We will try to understand how collective user tastes can be used to find products that are similar to each other and make personalized recommendations based on purchase history. For this, we will use a book purchase dataset. We will be using Python 3.11 and SQL languages throughout this section to create a recommendation app using collaborative filtering.

Let's start with the implementation.

Install and Load Dependencies

To begin with, you need to install a set of Python dependencies that will help you manipulate data and perform collaborative filtering. Although Hex already comes with a lot of Python dependencies preinstalled, you can use the Python Package Manager (PIP) to install the dependencies if they are missing.

$ pip install pandas
$ pip install numpy
$ pip install scikit-learn

Once the dependencies are installed, you can load them into the Hex environment as follows:

import pandas as pd
import numpy as np
import sklearn
from sklearn.decomposition import TruncatedSVD
from collections import Counter

The pandas and numpy libraries will help us to load and preprocess the data while sklearn will help us to create the collaborative filtering model and evaluate that.

Load and Preprocess Data

The aim of our project is to provide users with book recommendations based on their purchase history. To achieve this, we have two tables at our disposal. The first table displays the books each user has read and their corresponding ratings. It can be loaded with the help of a simple SQL SELECT statement as follows:

select * from "DEMO_DATA"."DEMOS"."BOOK_RATINGS"
preprocess data

Meanwhile, the second table offers more detailed information on each book and it can be loaded with the help of the following SQL command:

select * from "DEMO_DATA"."DEMOS"."BOOK_DATA"
book data demo

Although there could be multiple preprocessing stages involved at this phase depending on the data that you use.
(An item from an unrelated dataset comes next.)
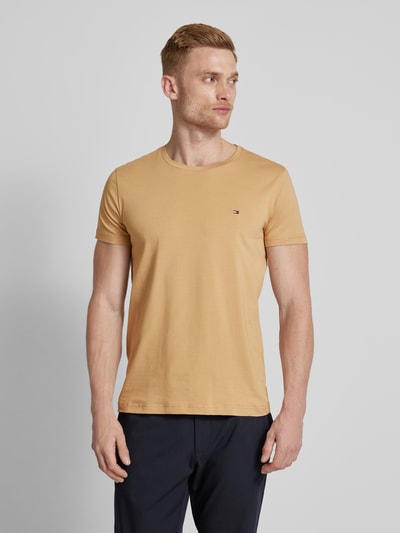 Tommy Hilfiger T-Shirt mit Label-Stitching Camel 4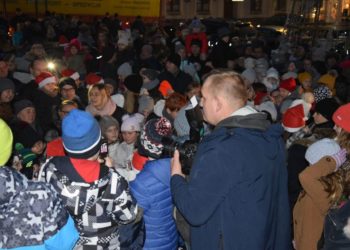 Mikołajki na rozświetlonym rynku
But for this data, we mainly need to remove the null values (missing data) that can cause issues in building the recommender system. In our data, columns like USER_ID, Book_title, Title, and RATING contain some null values, we will remove the entire row from the data if any of these columns have a null value. To do so, we can use the dropna() method from pandas as follows:

data.dropna(subset = ['USER_ID', 'Book_title', 'RATING'], axis = 0, inplace = True)
books.dropna(subset = ['Title', 'DESCRIPTION'], axis = 0, inplace = True)

You might see two other arguments that we have used in the dropna() method. The first one is the axis that defines the orientation based on which you would want to remove the null values. If it is set to 0 the entire row containing a null value would be dropped, on the other hand, if it is set to 1 the entire column containing a single null value would be dropped. The inplace argument allows us to make changes in a dataframe and overrides that dataframe with the latest changes.

Note: Usually it is not a good practice to drop the null values if you have a very small number of rows in your data. In that case, you can compute the null values manually or fill them with measures of central tendency. For our data, we have plenty of rows which is why we are dropping the rows containing null values.

Now, to check if there exists any null value in your dataset, you can use the following code:

data.isnull().sum()
data is null

By looking at the above image, you may be wondering, "Why haven't we removed the almost 7000 null price values?" Although there are almost 7000 null price values in our dataset, we have decided to keep them since the price variable isn't very important for our project's objective. This allows us to preserve those 6.8k rows in our dataset.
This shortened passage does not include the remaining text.